Using PYTRAJ in Jupyter Notebook

Overview

Teaching: 25 min
Exercises: 0 min
Questions
  • What tools are available to analyze my MD-data?

  • How to setup Jupyter for simulation analysis?

Objectives
  • Learn how to set up and use Jupyter notebook on Alliance clusters.

What is PYTRAJ?

PYTRAJ is a Python front end to AMBER’s CPPTRAJ package. The CPPTRAJ software provides an array of high-level analysis commands, as well as batch processing capabilities. You can perform many operations on raw MD trajectories with PYTRAJ/CPPTRAJ. For example, convert between trajectory formats, process groups of trajectories generated with ensemble methods, create average structures, create subsets of the system, etc. A large number of files can be handled by PYTRAJ in parallel, and it can handle very large trajectory sizes.

There are more than 50 types of analysis in PyTRAJ, including RMS fitting, measuring distances, B-factors, radii of gyration, radial distribution functions, and time correlations. In PyTRAJ, parallelization is implemented by MPI, and its use is relatively straightforward. You won’t have to write complicated code or know much about MPI to use it.

MDAnalysis, MDTraj, Pteros, LOOS/PyLOOS are other useful MD analysis packages. These packages provide libraries that can be used to compose analysis programs. Even though this approach offers great flexibility, it will take you longer to master it because it has a steep learning curve.

References:

  1. PTRAJ and CPPTRAJ: Software for Processing and Analysis of Molecular Dynamics Trajectory Data

Installing modules for working with JupyterHub.

Python interacts with Jupyter Notebook servers through IPython kernels. When we loaded the Amber/22 module the appropriate Python and IPython modules were loaded as well. The new IPython kernel has to be added to Jupyter before it can can be accessed from the notebook. The kernel can be named whatever you want, for instance, “env-pytraj”.

We also install two python modules that we will be using:

  1. NGLview, a Jupyter widget for molecular visualization.
  2. Seaborn, a Python data visualization library. It extends a popular matplotlib library providing a high-level interface for drawing, templates for attractive and informative statistical graphics.

Installing a Python Virtual Environment and a Jupyter Notebook (only for working without JupyterHub).

Jupyter notebooks are becoming increasingly popular for data analysis and visualization. One of Jupyter notebooks’s most attractive features is its ability to combine different media (code, notes, and visualizations) in one place. Your work is much easier to manage and share with notebooks because everything is kept in one place that you can easily access.

Before going into details of MD analysis with PYTRAJ we need to create a Python virtual environment. The virtual environment is a framework for separating multiple Python installations from one another and managing them. A virtual environment is needed since we will be installing Python modules for this lesson and managing Python modules on Alliance systems is best done in a virtual environment.
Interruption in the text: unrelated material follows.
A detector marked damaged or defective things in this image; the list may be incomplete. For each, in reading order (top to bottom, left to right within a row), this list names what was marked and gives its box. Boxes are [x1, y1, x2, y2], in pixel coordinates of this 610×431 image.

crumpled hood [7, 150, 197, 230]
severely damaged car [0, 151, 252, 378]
In this lesson, we will be using PYTRAJ from AmberTools/22. To setup a python virtual environment first load the AmberTools/22 module:

Load the AmberTools/22 module:

ml --force purge
ml StdEnv/2020 gcc/9.3.0 cuda/11.4 openmpi/4.0.3 ambertools/22

The next step is to install and activate a virtual environment:

Install and activate a virtual environment:

virtualenv ~/env-pytraj
source ~/env-pytraj/bin/activate

Once a virtual environment is installed and activated, we can install the Jupyter Notebook server.

Install Jupyter Notebook server:

pip install --no-index jupyter

Python interacts with Jupyter Notebook servers through IPython kernels. When we loaded the Ambertools/22 module the appropriate Python and IPython modules were loaded as well. The new IPython kernel specification has to be added to Jupyter before the environment env-pytraj can be accessed from the notebook. The kernel can be named whatever you want, for instance, “env-pytraj”.

Add the new IPython kernel specification to Jupyter:

python -m ipykernel install --user --name=env-pytraj

Finally, install three more packages that we will be using:

  1. NGLview, a Jupyter widget for molecular visualization.
  2. Pickle, a module providing functions for serializing Python objects (conversion into a byte stream). Objects need to be serialized for storage on a hard disk and loaded back into Python.
  3. Seaborn, a Python data visualization library. It extends a popular matplotlib library providing a high-level interface for drawing, templates for attractive and informative statistical graphics.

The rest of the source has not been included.